Auch in anderen Fächergruppen sind die Berufsaussichten in Deutschland gut: „Da Deutschland generell einen erheblichen Fachkräftebedarf auf akademischem Niveau verzeichnet, sind die Chancen hoch für einen direkten Weg von der Hochschule in den deutschen Arbeitsmarkt.“ Um das zu erreichen, muss der Weg von internationalen Studierenden in Deutschland an drei Stellen erleichtert beziehungsweise intensiver begleitet werden, wie das DAAD-Positionspapier zeigt. „Zum einen müssen Hochschulzugang und Visavergabe erleichtert werden, zweitens geht es darum, den Studienerfolg zu verbessern und drittens muss der Einstieg ins Berufsleben gezielter vorbereitet und einfacher gestaltet werden“, so Schüller. „An diesen drei Stellschrauben ist der DAAD nun zusammen mit Hochschulen, Politik und Wirtschaft besonders aktiv.“
Langfristige Unterstützung für Studierende
Die wachsende Attraktivität Deutschlands für internationale Studierende macht es mit Blick auf ihr Fachkräftepotenzial umso notwendiger, ihnen auch Perspektiven für die Zeit nach ihrem Abschluss aufzuzeigen. Um im deutschen Arbeitsmarkt Fuß zu fassen, benötigen diese Absolventinnen und Absolventen mehr als einen guten Abschluss. Es sind gezielte Unterstützungsstrukturen erforderlich, einen erfolgreichen Übergang von der Hochschule in den Beruf zu ermöglichen. „Sie brauchen zum Beispiel sprachliche Vorbereitung, Bewerbungstrainings, erste Praxiserfahrungen mit deutschen Arbeitgebern sowie persönliche Netzwerke“, sagt Jessica Schüller.

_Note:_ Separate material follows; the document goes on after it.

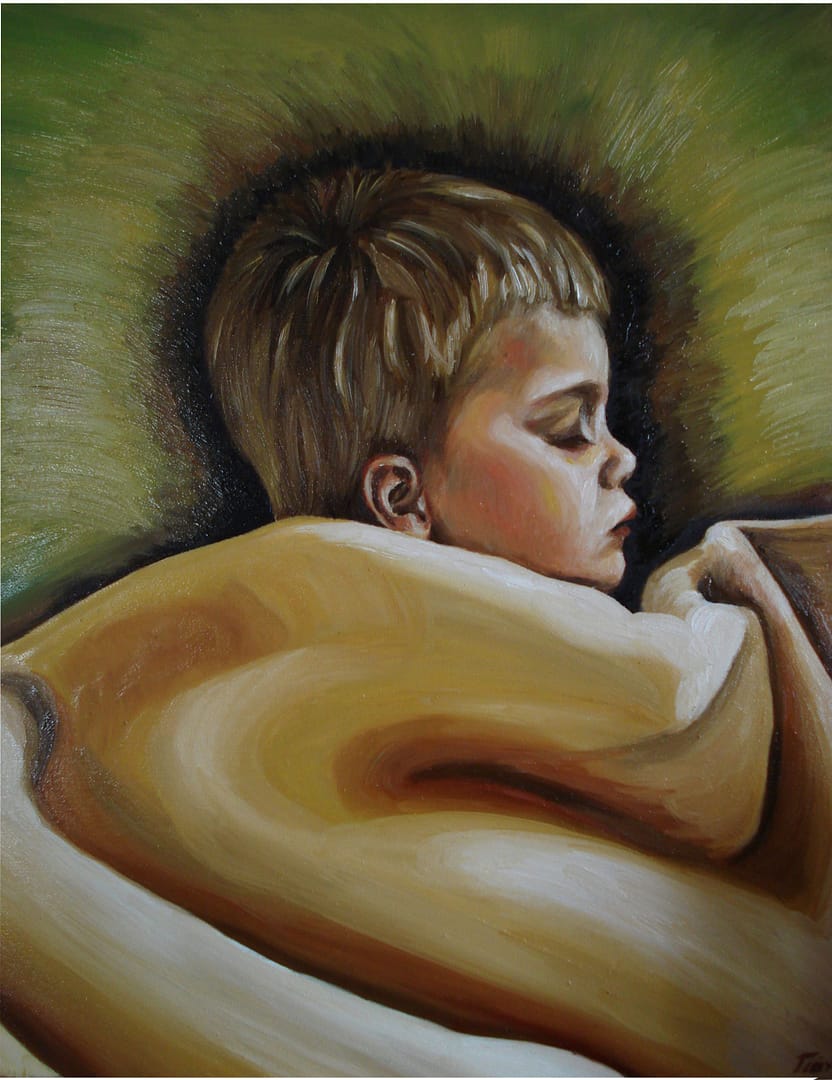 Γαλήνη (2005) /  λάδι σε μουσαμά, 40x50εκ.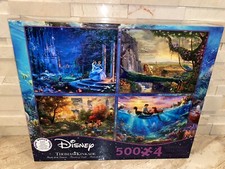 DISNEY THOMAS KINKADE 4 JIGSAW PUZZLE SET 500 PIECES JIGSAW PUZZLE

Die Ziele seines Positionspapiers realisiert der DAAD mit der Campus-Initiative internationale Fachkräfte: Das Programm unterstützt 104 Hochschulen in Deutschland für vier Jahre mit projektbezogenen und strukturellen Maßnahmen. Aus Mitteln des Bundesministeriums für Bildung und Forschung (BMBF) werden 114 Projekte in den beiden Programmen FIT und Profi plus mit insgesamt 120 Millionen Euro gefördert. Dazu gehören Angebote für die Begleitung und Unterstützung vor und während des Studiums, Career Services und Weiterqualifizierungsangebote.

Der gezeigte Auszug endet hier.